Sie haben den beschwerlichsten Weg: Südtiroler Bauern, die Almen in Salzburg bewirtschaften, treiben ihr Vieh übers Hochgebirge.

Der Weg ist weit und es liegt schon Schnee: In einer langen Karawane ziehen die Kühe Richtung Krimmler Tauern, dem mit 2.634 Metern Seehöhe höchsten Punkt auf ihrem Heimweg nach Südtirol. Sie sind trittsicher und robust. Der Schnee erleichtert den Tieren das Gehen sogar.

Am Freitag war schon um zwei Uhr früh Tagwache für Bauer Josef Obermair, die Treiber und die Tiere. Der beschwerliche Marsch dauert alleine am ersten Tag bis zu 14 Stunden. Der Stall beim Obermairhof in St. Jakob im Südtiroler Ahrntal ist dann noch einmal bis zu fünf Stunden entfernt. Rund 1.000 Höhenmeter geht es hinunter ins Tal. Zehn Treiber marschieren in diesem Herbst mit, darunter auch Jungbauer Hannes. Das kaiserliche Wetter mit gigantischem Weitblick lässt Müdigkeit und Erschöpfung gar nicht erst aufkommen. Tier und Mensch haben es hier auch anderes erlebt: Von bitterer Kälte bis Herbststurm oder gar dichtem Schneetreiben schon im Oktober.

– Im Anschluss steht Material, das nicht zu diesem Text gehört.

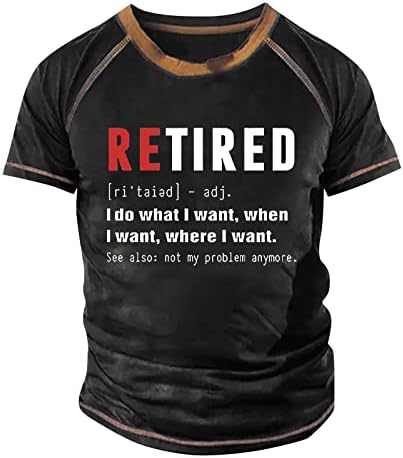 WENKOMG1 Erkek Sloganı T-Shirt, Ellili Kırk Emekli Baskılı Retro Tarzı Kısa Kollu Gömlek Söyleyerek Tee Gömlek Erkekler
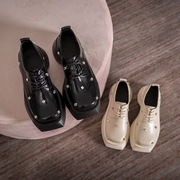 2023铆钉厚底鞋女系带黑色米白小皮鞋圆头粗跟英伦风铆钉单鞋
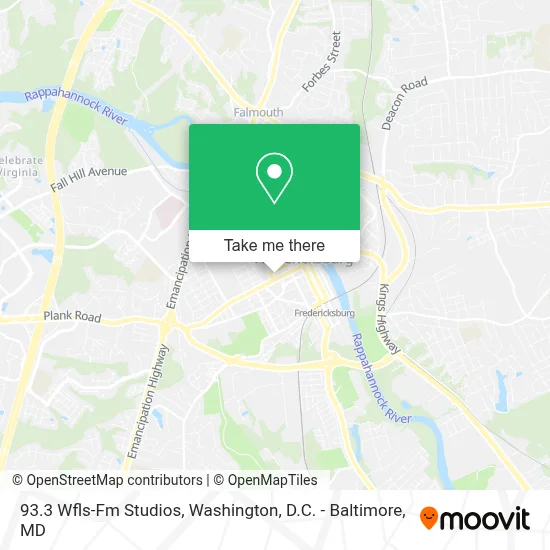 93.3 Wfls-Fm Studios map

Tradition wird von Generation zu Generation weitergegeben

Jedes Jahr im Almsommer kommen Südtiroler Bauern über die Grenze – und das schon seit Generationen. 41 Rinder und Milchkühe hat heuer alleine Josef Obermair sicher nach Hause zu lotsen. Zwei weitere Almbauern machten sich schon früher auf den Weg. „Die Tradition, dass wir zu Fuß über den Berg gehen, gibt es schon seit Generationen. Wir wollen das natürlich beibehalten“, so der Almbauer, der auf österreichischem Staatsgebiet 360 Hektar Almgebiet und davon 60 Hektar Futterfläche bewirtschaftet. Seine Vorfahren kauften die Fläche im 19. Jahrhundert, weil es im Südtiroler Ahrntal damals zu wenige Almen gab.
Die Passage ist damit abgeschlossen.